🤖 AI Summary
The neural mechanisms underlying trust formation and updating remain poorly understood, particularly how trust is dynamically represented and learned across distributed neurocognitive systems. Method: Integrating cognitive neuroscience, computational modeling, and decision theory, we developed the first taxonomy of trust grounded in neural information representations—distinguishing model-based and model-free reinforcement learning processes as parallel, dissociable neural substrates of trust. Contribution/Results: We demonstrate that betrayal can paradoxically strengthen specific forms of trust; that environmental structure can be deliberately engineered to modulate trust acquisition; and we derive three falsifiable behavioral principles governing trust dynamics. These findings provide mechanistically grounded, actionable guidelines for organizational management, human–AI interaction design, and evidence-based trust interventions.
📝 Abstract
More than 30 years of research has firmly established the vital role of trust in human organizations and relationships, but the underlying mechanisms by which people build, lose, and rebuild trust remains incompletely understood. We propose a mechanistic model of trust that is grounded in the modern neuroscience of decision making.

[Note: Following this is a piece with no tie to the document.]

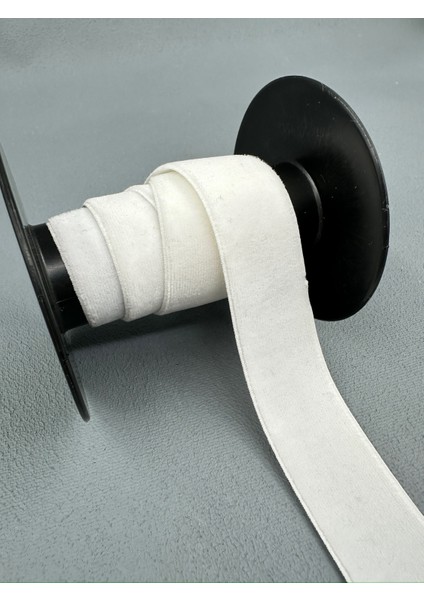 2.5 cm Likralı (Esnek) Kadife-5 Metre-Beyaz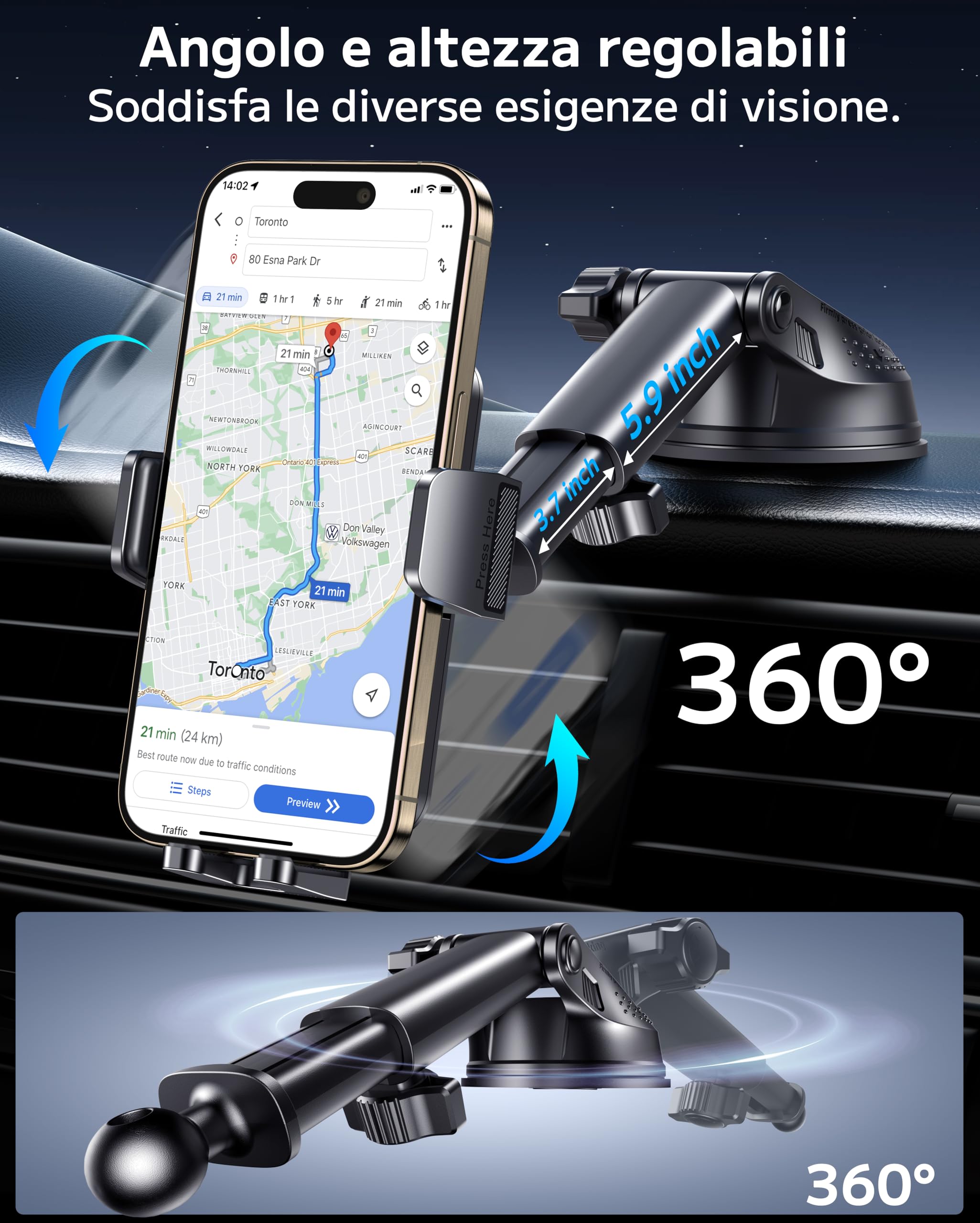Porta Cellulare Auto [Super Aspirazione], Supporto Telefono Auto, Adatto per Parabrezza, Bocchette di Aerazione e Cruscotto, [3 in 1]Porta Telefono Rifiniture interne Adatto a tutti gli phone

Since trust requires anticipating the future actions of others, any mechanistic model must be built upon up-to-date theories on how the brain learns, represents, and processes information about the future within its decision-making systems. Contemporary neuroscience has revealed that decision making arises from multiple parallel systems that perform distinct, complementary information processing. Each system represents information in different forms, and therefore learns via different mechanisms. When an act of trust is reciprocated or violated, this provides new information that can be used to anticipate future actions. The taxonomy of neural information representations that is the basis for the system boundaries between neural decision-making systems provides a taxonomy for categorizing different forms of trust and generating mechanistic predictions about how these forms of trust are learned and manifested in human behavior. Three key predictions arising from our model are (1) strategic risk-taking can reveal how to best proceed in a relationship, (2) human organizations and environments can be intentionally designed to encourage trust among their members, and (3) violations of trust need not always degrade trust, but can also provide opportunities to build trust.